Let's name some additional points on the sphere. Let $C$ be the point $(0,0,R)$ where the positive $z$ axis intersects the sphere. The blue great circle intersects the $y,z$ plane in two points; from those two points choose the one closer to $A$ and call it $D.$

The arrangement of points and arcs is shown in a schematic arrangement below. (This is not exactly to scale, because it is drawn as a plane figure while the actual figure is on the surface of a sphere.)

enter image description here

The figure below shows what it looks like on the sphere. Note that all arcs that are labeled with symbols ($\alpha,$ $\beta,$ $\gamma,$ $\delta,$ and $\theta$) are great-circle arcs, and the symbol is the name of the angle subtended by that arc at the center of the sphere.

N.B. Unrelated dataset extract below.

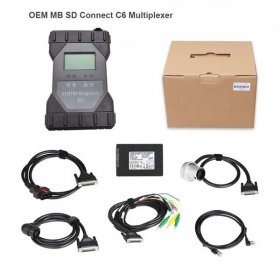 MB Star C6 Doip Mercedes Benz Diagnostic Tool MB SD Connect C6 M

enter image description here

Now we have a spherical triangle $\triangle ADC.$ Following the usual convention where the "sides" of the spherical triangle are measured by the angle (in radians) that they subtend at the center of the sphere, side $AC$ has measure $\alpha$ and side $CD$ has measure $\beta.$ The spherical angle $\angle ADC$ is $\frac\pi2.$ Let $\eta = \angle CAD.$ According to the spherical law of sines,

$$ \frac{\sin\frac\pi2}{\sin\alpha} = \frac{\sin\eta}{\sin\beta}.$$

But $\sin\frac\pi2 = 1.$ Therefore $\sin\eta = \frac{\sin\beta}{\sin\alpha}$ and $$\eta = \arcsin\left(\frac{\sin\beta}{\sin\alpha}\right).$$

For now, let's consider the variant of the problem in which $\theta$ is known and $\gamma$ is unknown. Since $\theta$ is known, we can construct two points on the black small circle that subtend angle $\theta$ from $A$. Let the point labeled $B$ in the figure be one of those points.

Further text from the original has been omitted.